For me, I think the answer is mostly embarrassment and shame. I am ashamed that racism is still a daily experience for people in America. I am embarrassed that people who I consider good people say bad things, revealing how embedded racist presuppositions are in our culture. I want to relieve the sting of racist comments, not only because I feel bad for the person receiving them, but also because I am really uncomfortable confronting the fact that racism is a persistent reality.

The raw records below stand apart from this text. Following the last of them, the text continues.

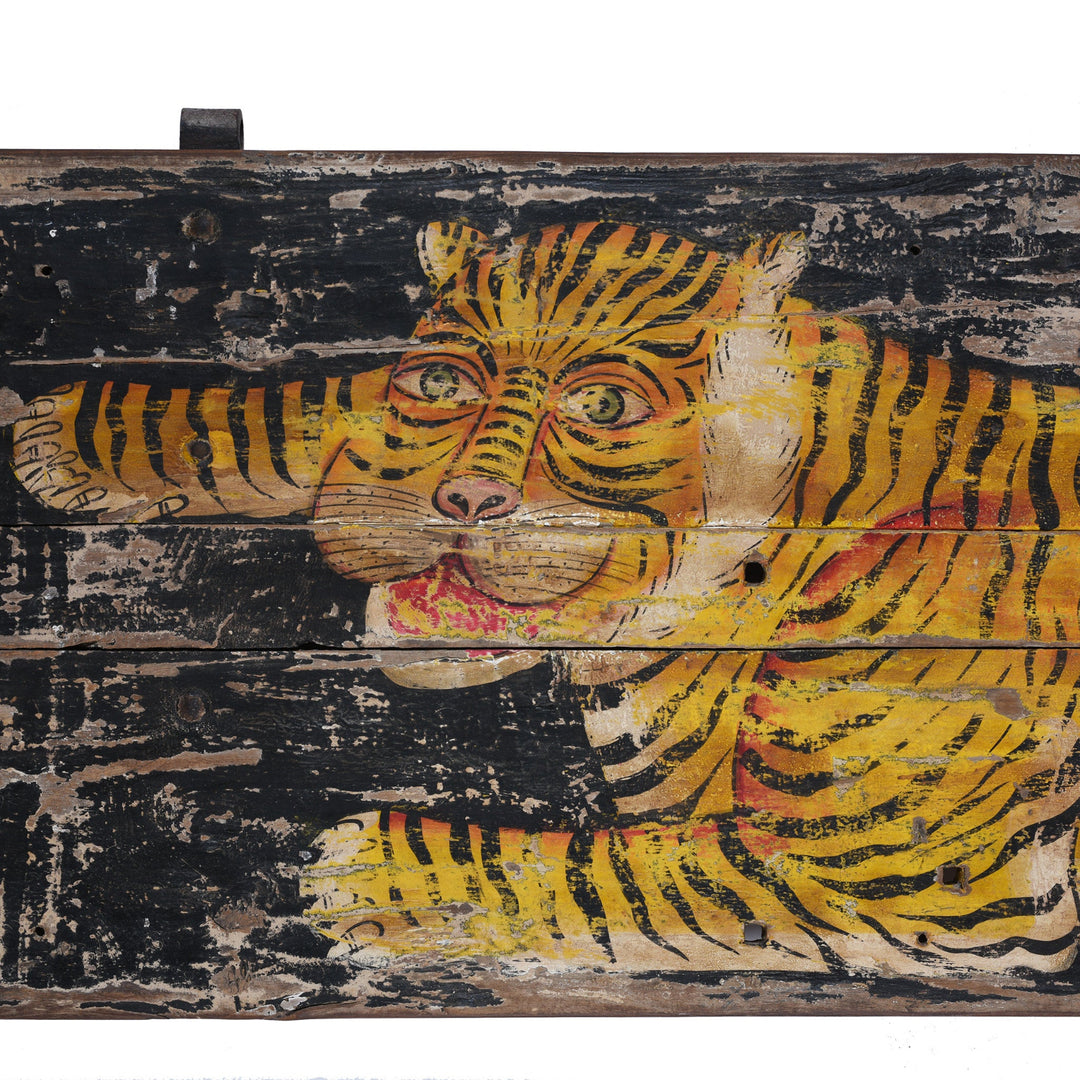 Face Detail From Painted Indian Tiger Panel On Reclaimed Door From Madhya Pradesh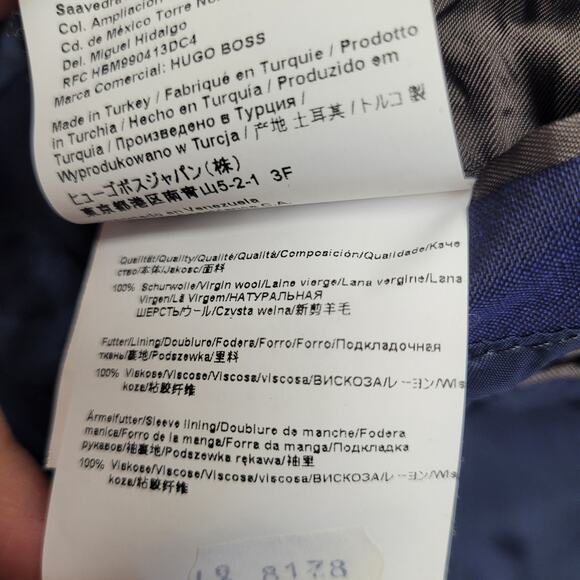 Hugo Boss Reda super 110 wool blazer jacket navy blue 38 regular - Picture 12 of 12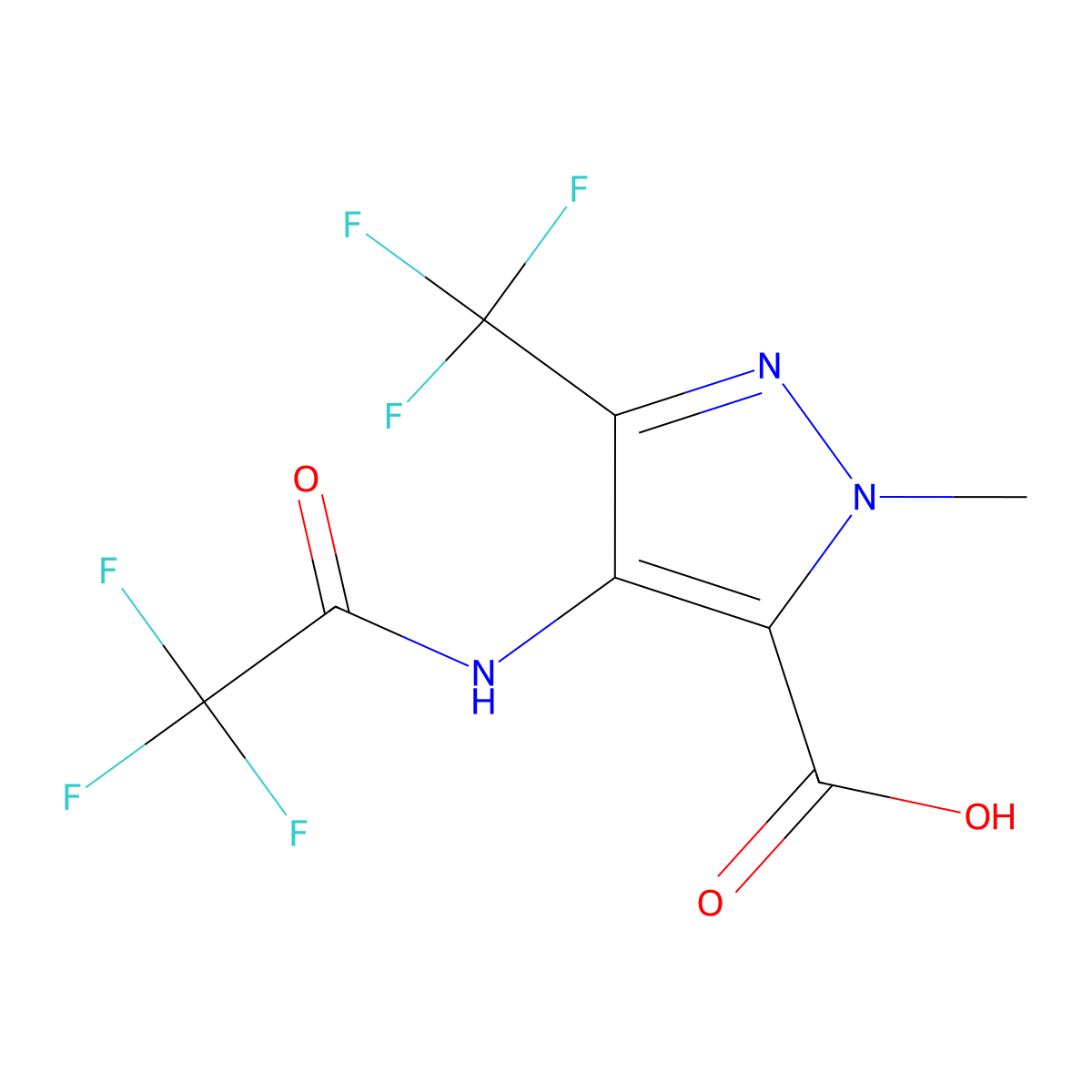 1-methyl-4-(2,2,2-trifluoroacetamido)-3-(trifluoromethyl)-1H-pyrazole-5-carboxylic acid molecular structure, CAS 2680824-18-2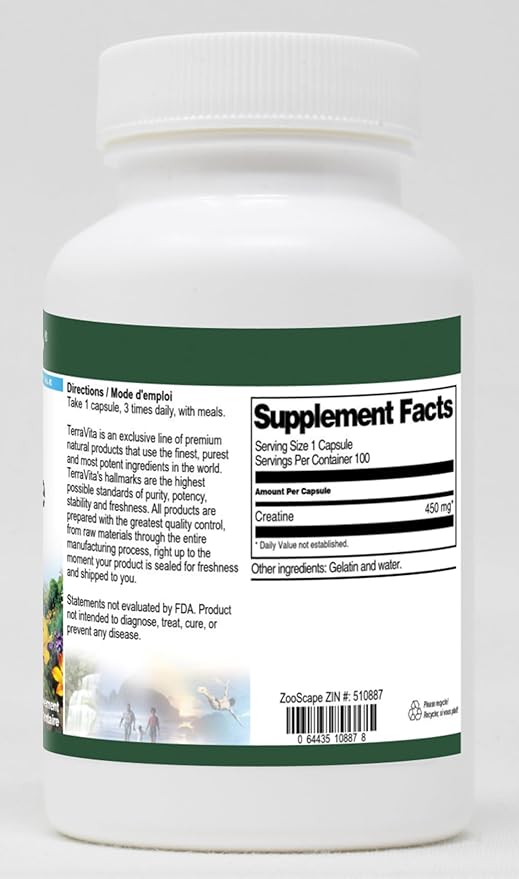 Creatine Monohydrate - 450 mg (100 Capsules ZIN: 510887) - 3 Pack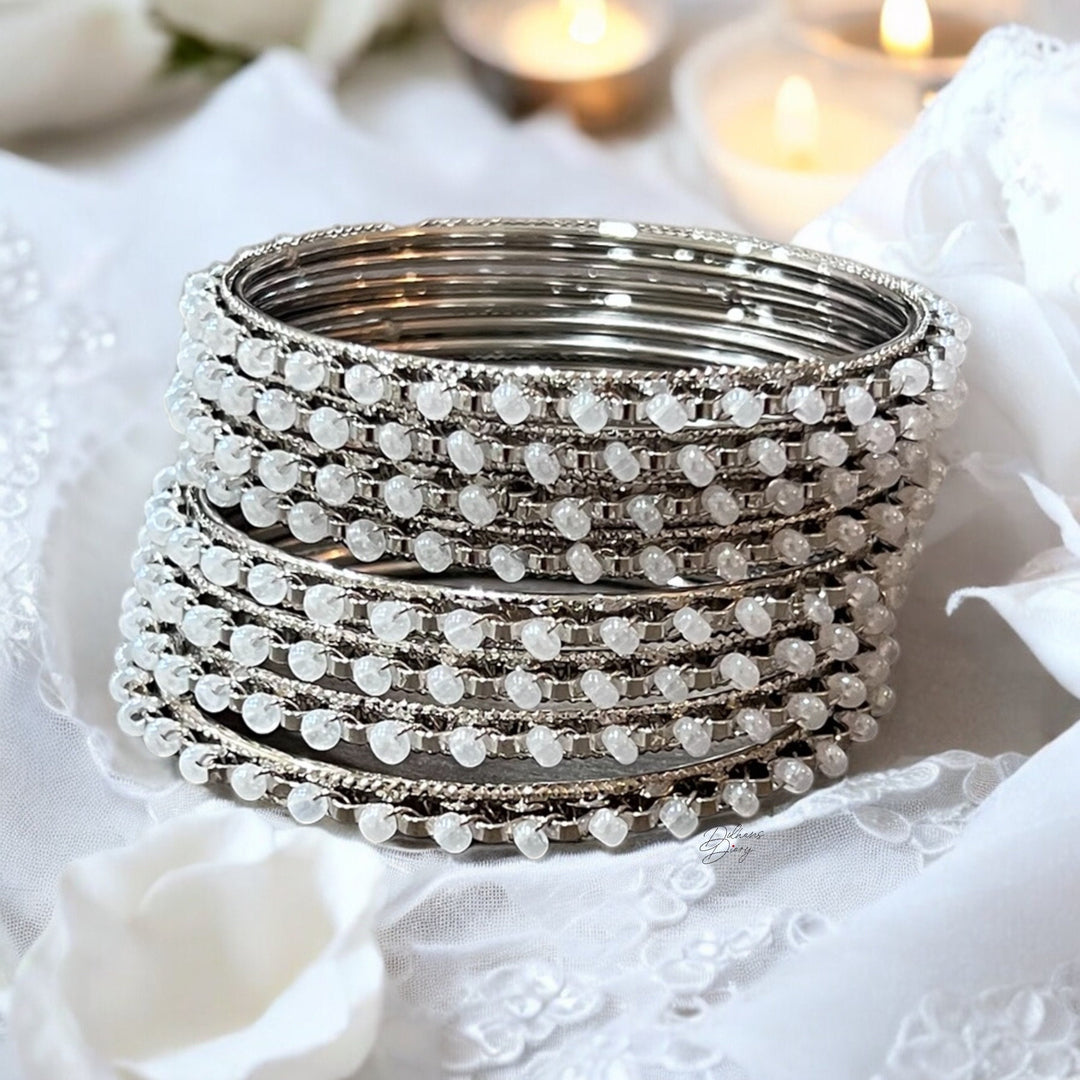 Indian Bridal Bangle Set: White & Silver Wedding Jewelry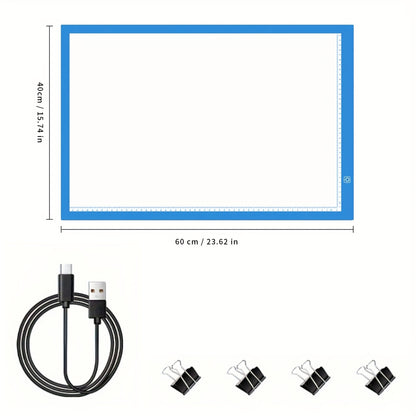 LED light pad for diamond painting with 3 brightness levels, USB cable, and 4 fasten clips. Great for sketching, animation, drawing, and diamond painting supplies.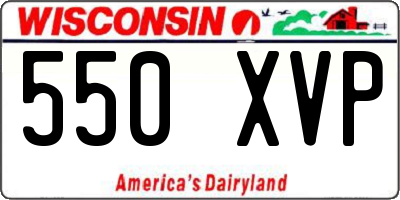 WI license plate 550XVP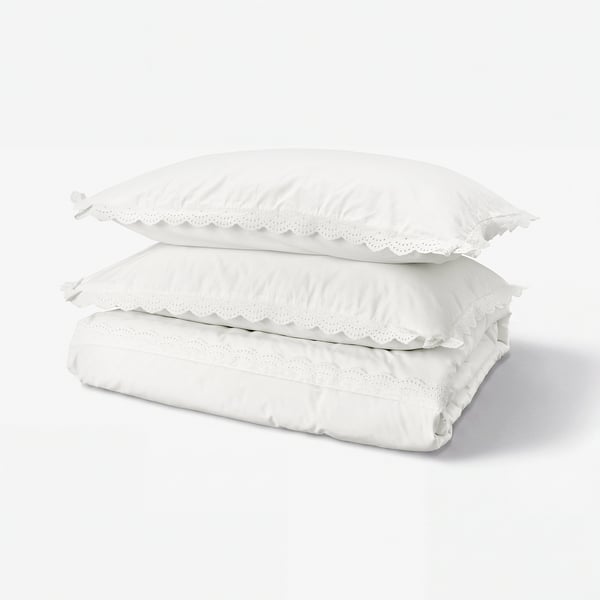 BIRGITTARÖNN Housse de couette et taie(s), blanc, 2 places/grand 2 places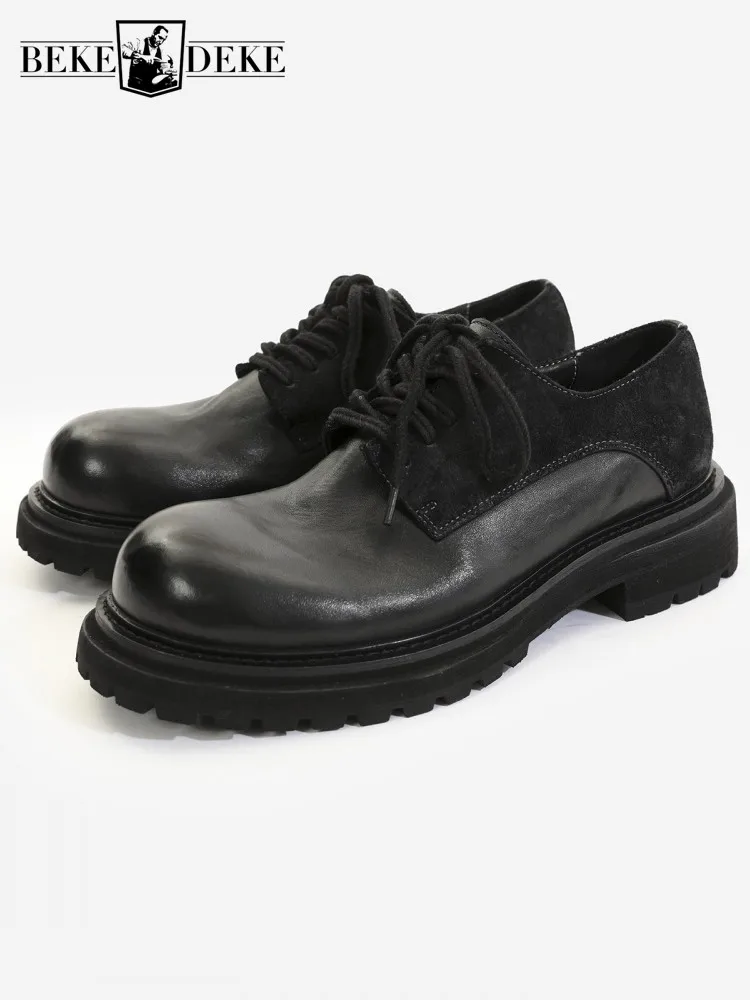 

Mens Horsehide Genuine Leather Dress Shoes Round Toe Lace Up Thick Platform Business Work Formal Shoes Vintage Handmade Footwear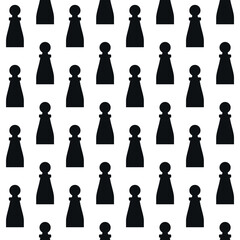 Wall Mural - Vector seamless pattern of flat chess figure silhouette isolated on white background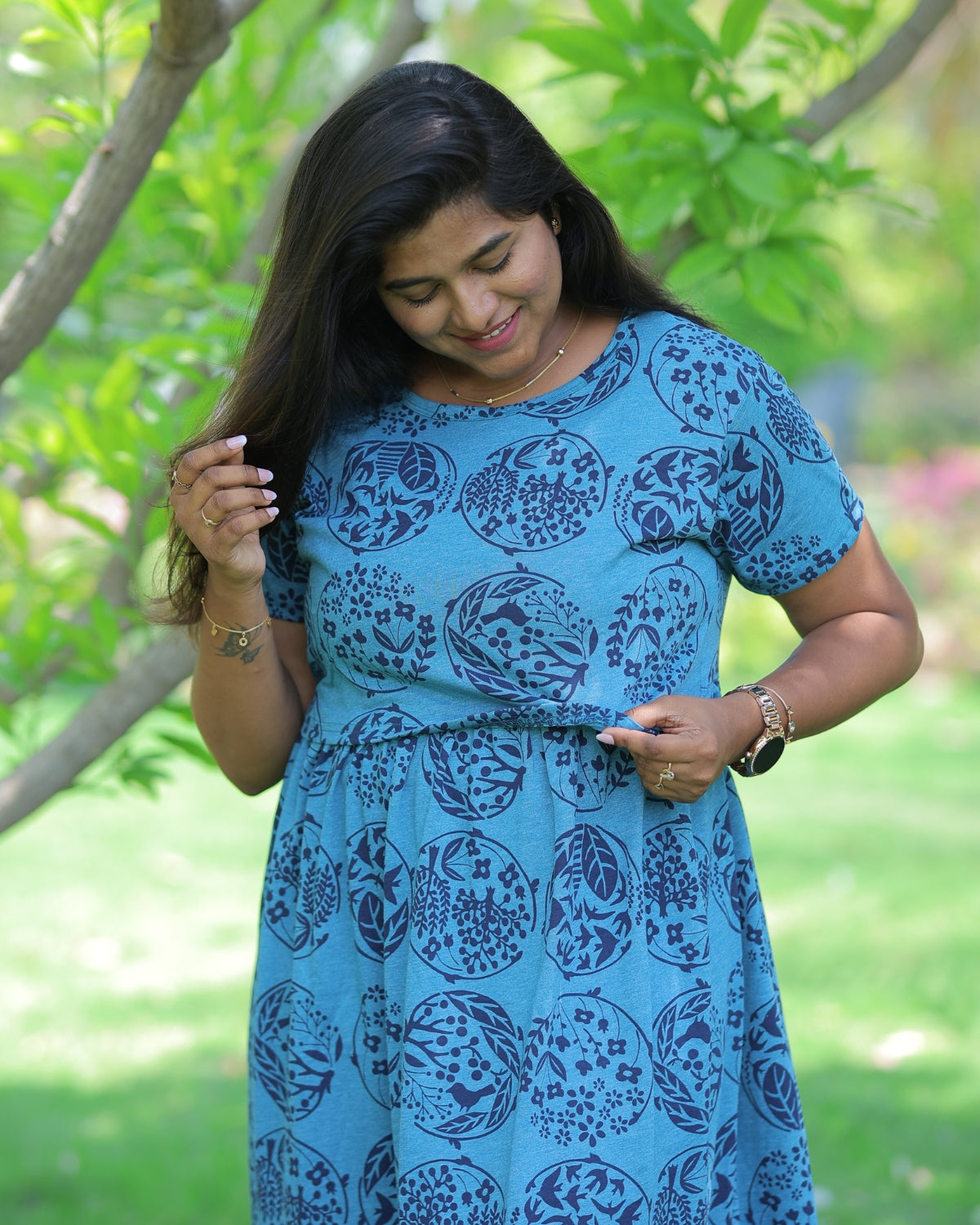 Indira | Zipless Maternity Dress - Normal Sleeves | Full Length Maxi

So I think the first step in avoiding “whitesplaining” is to be silent. Not necessarily to more fully listen to the experience of the person talking. At least, not at first. If my shame is what is compelling me to speak over someone else, then that’s the first thing I need to let ring through my silence. I need to sit in the uncomfortable silence.

But I can’t stay there.

That’s the point of the last article I want to bring into conversation today. It challenges what ally politics and activism should look like. I had to read the article several times (and yes, there were uncomfortable silences in between). Guilt and shame, if allowed to have the last say, can lead to immobility, specifically a refusal to take action under one’s own auspices. The article contends that sometimes even “listening” can amount to another abdication of responsibility even if done in the name of deference to the oppressed community. Although this seems at first to be the correct impulse, like the “whitesplaining” examples above, what results is re-entrenchment of racist and other authoritarian assumptions. The author writes, “For a liberating understanding of privilege, each of us must learn our stake in toppling those systems of power to recognize how much we all have to gain in overturning every hierarchy of oppression.” I understand it this way: in the same way I need to confront my own shame about racism, I also need to fully understand my own reasons for fighting for racial justice. Only then can we have genuine partnership instead of awkward paternalism, arriving at a place where those participating in racial privilege and those experiencing racism will end up as equals on the same side of action.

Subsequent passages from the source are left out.